Yes please do let me know what Chris Day recommended. I didn't realise a video consultation was possible, but that would be a great option as I am based in Kent and as I said before, my dog's not a great traveller and hate to stress him with his breathing probs. Sorry to hear about your problems with your Malamute, especially in such a young dog. My dog is 14 and fortunately so far his condition is not life threatening, just uncomfortable for him. Thay did wonder about an allergy as cause for his snot, but nothing in his environment or routine has really changed so why would he suddenly develop allergies at 12 yo.


----------



## Natalie01 (23 January 2013)

Tj just started one day with a cough n went from there really! Touch wood these tabs have helped! He recommend kail bich 30c and merc sol 30c also I have a neubilizer thing lol which I put bergermont and tea tree thyme I stick him in my bedroom on a evening shut the door stream it out lol if u can crate him put streamer in there and a towel over just leaving one side open Tjs to big to crate! Hope this helps it's worth a shot as its herbal!


----------



## Brindle (11 May 2014)

Natalie01 said:



			Tj just started one day with a cough n went from there really! Touch wood these tabs have helped! He recommend kail bich 30c and merc sol 30c also I have a neubilizer thing lol which I put bergermont and tea tree thyme I stick him in my bedroom on a evening shut the door stream it out lol if u can crate him put streamer in there and a towel over just leaving one side open Tjs to big to crate! Hope this helps it's worth a shot as its herbal!
		
Click to expand...

Hi there, I have been searching the internet about chronic rhinitis as our 3 year old whippet has been diagnosed with the complaint, when it came across your comments.
Like you, we have spent a small fortune on diagnosis and treatment but have got nowhere. Recently our dog has also gone down with pneumonia, and he was extremely poorly. It sounded like the treatment you found was effective. We are desperate to find an answer. Is your dog still doing well on the herbal treatment?


----------



## Dobiegirl (11 May 2014)

My friends dog continued to suffer this condition and as he was staying with me and with her permission I gave him some organic coconut oil which I give my dogs most days. After about 3 days there was an obvious improvement and a week it was completely gone. This dog had had cameras up his nose,swabs and cultures done, been on all different abs,steroids,piriton with absolutely no benefit, this dog was so bad , he would snot up the walls,furniture and your clothes it really was horrendous. I forgot to say he also had an extreme dental makeover as well as the vets wanted to explore every avenue. We are all now of the opinion its allergic Rhinitis but for the cost of a jar of coconut oil its worth a punt, it certainly wont do him any harm and might actually help.


----------



## blackcob (11 May 2014)

It's not herbal, it's homeopathic and will not be doing a thing except draining the owner's wallet! That a homeopathic vet or doctor can even exist baffles me. 

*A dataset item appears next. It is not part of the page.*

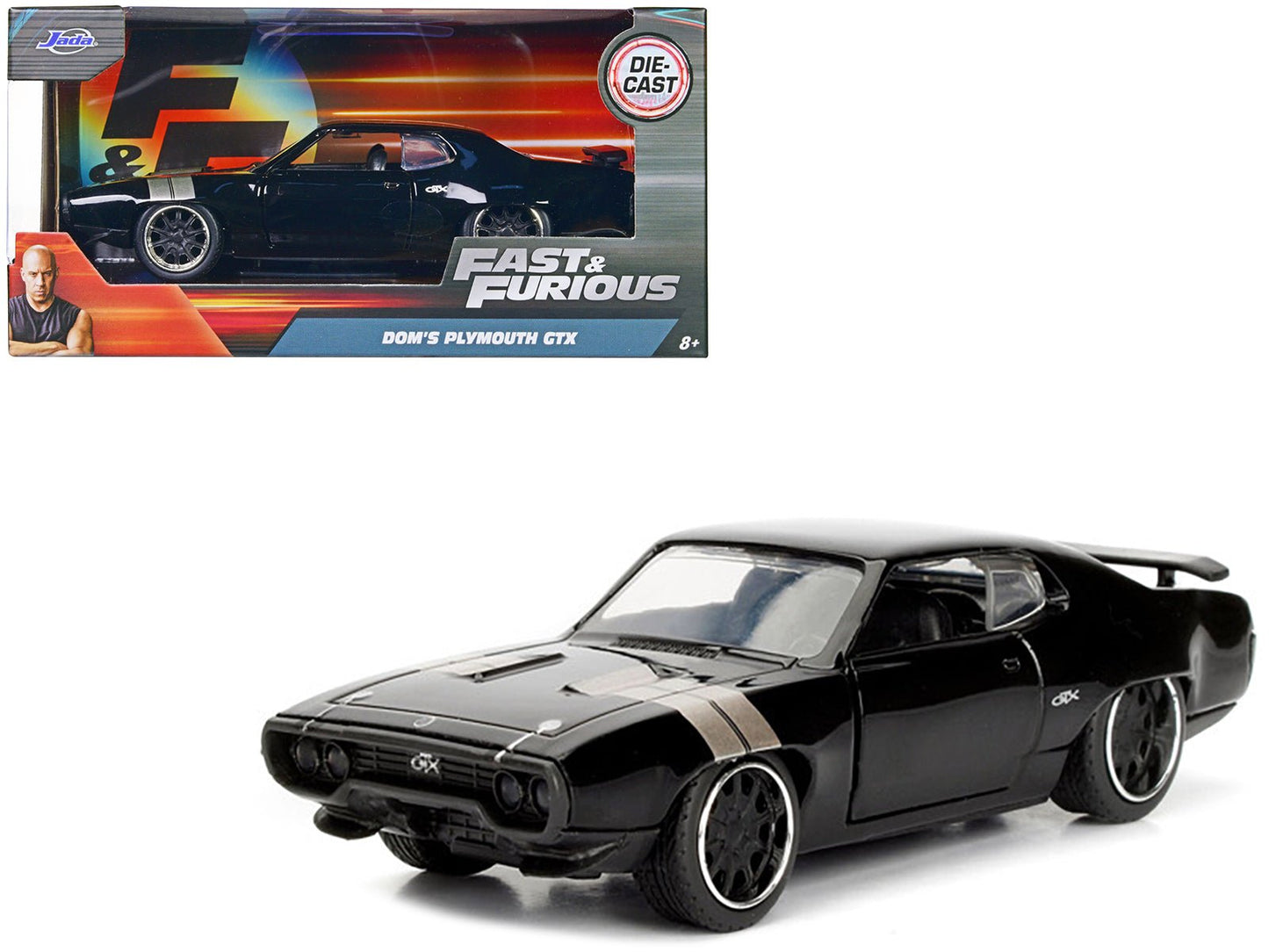 Dom's Plymouth GTX Black with Silver Stripes Fast & Furious F8 "The Fate of the Furious" Movie 1/32 Diecast Model Car by Jada free shipping USA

For what it's worth my dog with allergic rhinitis is now being symptom free on a low dose of steroids (prednisolone) though I've got a steroid nasal spray coming next week to trial as this would be a preferable option over the oral version. 

In the early stages of his condition we trialled various antibiotics, antihistamines and antimucolytics - all worked to various extents but only in the short term as is typical for the condition. He was scoped and x-rayed twice in the course of the last two years to check for tumours or foreign bodies and had negative aspergillosis samples. His nasal turbinates have remained intact despite the repeated infections which is good.

His allergy is to house dust mite which is impossible to eradicate, though I spray the house twice a year, damp dust and steam clean frequently to try and manage the exposure. 

http://veterinarydigest.files.wordpress.com/2011/02/canine-chronic-inflammatory-rhinitis.pdf - this is a useful guide to the condition.


----------



## Natalie01 (11 May 2014)

I'm sad to say tj was put to sleep around 6months ago he couldn't carry on he had pneumonia 13times and the last time was in the emergency 5 days wen I go him home he could barly walk, if anyone is interested please search pcd in dogs Iv been doing to research with vets in America, sadly Tjs lungs couldnt cope was the saddest day of my life but nobody could help and after 17000 pounds I couldn't put him through any more intensive surgery the only thing Tjs body couldn't handle was steroids the smallest amount that's what killed him it shut him down


----------



## Dobiegirl (11 May 2014)

Natalie Im so sorry to hear about tj, how heart breaking but you did everything possible for him, he was lucky to have you.


----------



## Natalie01 (11 May 2014)

The homopathic tablets defo worked for a while I can't stress enough it work it's very cheap to buy so worth a shot tj spent 2years of thick green snot trailing across the floor after we started this it stopped altogether for 4months I did come back but he was great on it god knows why but I had my boy back for that time so I'm happy for that


----------



## Saneta (12 May 2014)

blackcob said:



			It's not herbal, it's homeopathic and will not be doing a thing except draining the owner's wallet! 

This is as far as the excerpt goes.